Competitiveness in the cutthroat world of business enticement on a state level is slowly enlarging to include “quality-of-equality” concerns. The common perception is that a jurisdiction offering a full range of civil citizenship rights also attracts desired cultural amenities offering a modern social lifestyle among like-minded contemporaries.
Even O’Malley’s own laborious path to endorsing gay marriage is symbolic of the evolution of this corporate requirement. The governor’s political competitiveness as a long-shot potential contender for the Democratic nomination for president in 2016 recommended that he shift gears on a proposed state policy he eventually backed. An advantage bestowed state governments hoping to remain competitive in the commercial arena mirrored his personal political calculations.
Unfortunately for Maryland’s business development and economic growth prospects, however, civil marriage equality alone simply won’t cut it. While removal of this single disincentive for a growing number of businesses is a positive step, until the state improves its overall treatment and taxation of businesses and entrepreneurs it will continue to remain less competitive among other regional and nationwide choices.

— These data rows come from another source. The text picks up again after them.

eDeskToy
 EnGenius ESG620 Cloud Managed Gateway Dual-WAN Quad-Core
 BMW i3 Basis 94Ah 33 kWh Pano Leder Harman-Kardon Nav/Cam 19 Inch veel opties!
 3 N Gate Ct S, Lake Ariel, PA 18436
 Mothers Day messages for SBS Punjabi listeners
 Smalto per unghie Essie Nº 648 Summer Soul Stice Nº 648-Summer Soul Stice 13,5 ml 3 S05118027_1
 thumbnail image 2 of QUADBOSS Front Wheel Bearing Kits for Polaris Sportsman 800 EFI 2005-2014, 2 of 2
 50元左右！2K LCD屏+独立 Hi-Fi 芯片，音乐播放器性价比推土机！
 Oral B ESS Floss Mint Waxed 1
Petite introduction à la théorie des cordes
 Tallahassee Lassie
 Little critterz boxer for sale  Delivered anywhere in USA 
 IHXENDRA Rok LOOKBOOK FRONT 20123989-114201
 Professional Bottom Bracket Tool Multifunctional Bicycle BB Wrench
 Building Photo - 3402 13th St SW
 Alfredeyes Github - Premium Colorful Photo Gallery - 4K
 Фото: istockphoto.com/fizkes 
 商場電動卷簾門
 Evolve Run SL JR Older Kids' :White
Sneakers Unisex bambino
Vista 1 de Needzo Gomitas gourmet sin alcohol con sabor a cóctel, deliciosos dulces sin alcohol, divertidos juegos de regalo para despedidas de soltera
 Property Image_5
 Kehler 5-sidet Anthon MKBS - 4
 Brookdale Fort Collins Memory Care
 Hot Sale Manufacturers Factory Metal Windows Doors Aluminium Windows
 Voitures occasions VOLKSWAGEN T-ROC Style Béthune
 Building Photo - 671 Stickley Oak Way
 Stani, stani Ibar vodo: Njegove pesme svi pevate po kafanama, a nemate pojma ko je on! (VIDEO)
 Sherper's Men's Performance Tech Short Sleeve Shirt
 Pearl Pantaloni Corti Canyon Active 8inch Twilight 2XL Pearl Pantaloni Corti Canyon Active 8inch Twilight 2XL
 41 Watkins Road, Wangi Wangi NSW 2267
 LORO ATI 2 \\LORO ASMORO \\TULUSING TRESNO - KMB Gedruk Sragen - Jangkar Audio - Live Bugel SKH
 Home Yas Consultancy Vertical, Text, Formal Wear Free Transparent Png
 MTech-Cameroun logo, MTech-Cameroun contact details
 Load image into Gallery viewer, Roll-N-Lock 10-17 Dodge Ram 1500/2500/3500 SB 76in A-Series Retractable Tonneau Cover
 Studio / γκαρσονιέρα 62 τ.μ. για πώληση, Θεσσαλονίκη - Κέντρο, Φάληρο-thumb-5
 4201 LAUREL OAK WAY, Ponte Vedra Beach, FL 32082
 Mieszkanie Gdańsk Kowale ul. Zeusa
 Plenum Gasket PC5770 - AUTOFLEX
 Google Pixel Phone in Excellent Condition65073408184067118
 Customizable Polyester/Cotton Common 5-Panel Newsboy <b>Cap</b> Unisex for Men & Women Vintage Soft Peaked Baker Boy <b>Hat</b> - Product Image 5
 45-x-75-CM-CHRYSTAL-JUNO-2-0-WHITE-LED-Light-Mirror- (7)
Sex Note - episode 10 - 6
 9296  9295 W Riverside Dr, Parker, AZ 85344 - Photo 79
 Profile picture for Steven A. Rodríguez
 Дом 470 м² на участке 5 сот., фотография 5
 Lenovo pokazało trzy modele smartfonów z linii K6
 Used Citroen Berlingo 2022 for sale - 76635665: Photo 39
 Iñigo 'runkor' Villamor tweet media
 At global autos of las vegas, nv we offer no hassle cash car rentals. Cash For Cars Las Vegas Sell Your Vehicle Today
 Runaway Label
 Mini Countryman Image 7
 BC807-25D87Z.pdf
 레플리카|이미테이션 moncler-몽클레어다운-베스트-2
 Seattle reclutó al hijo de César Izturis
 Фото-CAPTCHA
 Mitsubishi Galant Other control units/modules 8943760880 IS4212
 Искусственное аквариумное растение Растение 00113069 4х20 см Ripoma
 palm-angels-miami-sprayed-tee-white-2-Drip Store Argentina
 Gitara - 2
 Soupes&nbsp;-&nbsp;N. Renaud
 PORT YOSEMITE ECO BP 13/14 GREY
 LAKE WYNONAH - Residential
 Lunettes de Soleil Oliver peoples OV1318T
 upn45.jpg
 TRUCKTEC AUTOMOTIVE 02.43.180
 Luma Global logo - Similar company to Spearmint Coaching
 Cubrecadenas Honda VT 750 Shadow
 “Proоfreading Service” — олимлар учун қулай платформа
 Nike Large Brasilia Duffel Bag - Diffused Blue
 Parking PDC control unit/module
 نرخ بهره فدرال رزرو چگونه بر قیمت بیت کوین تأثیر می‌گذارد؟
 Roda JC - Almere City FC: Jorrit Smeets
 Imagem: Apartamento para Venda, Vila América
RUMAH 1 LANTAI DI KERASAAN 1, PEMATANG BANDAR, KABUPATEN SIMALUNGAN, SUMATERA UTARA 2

The Free State’s free-spending tendencies and anti-business obstacles will cause Maryland to lose out on corporate retention and acquisition absent improving overall conditions for commerce.
Neighboring Virginia, the top business-friendly spot in the region, illustrates that dichotomy. The commonwealth would be well advised from a strategic perspective to extend marriage equality to all residents.But until Maryland and D.C. revise government policies to enhance corporate success and improve consumer conditions, there is scant incentive for Virginia to do so while commanding dominance in marketplace competitiveness.
Bottom line, gay wedding bells and better business policies are a match made in heaven.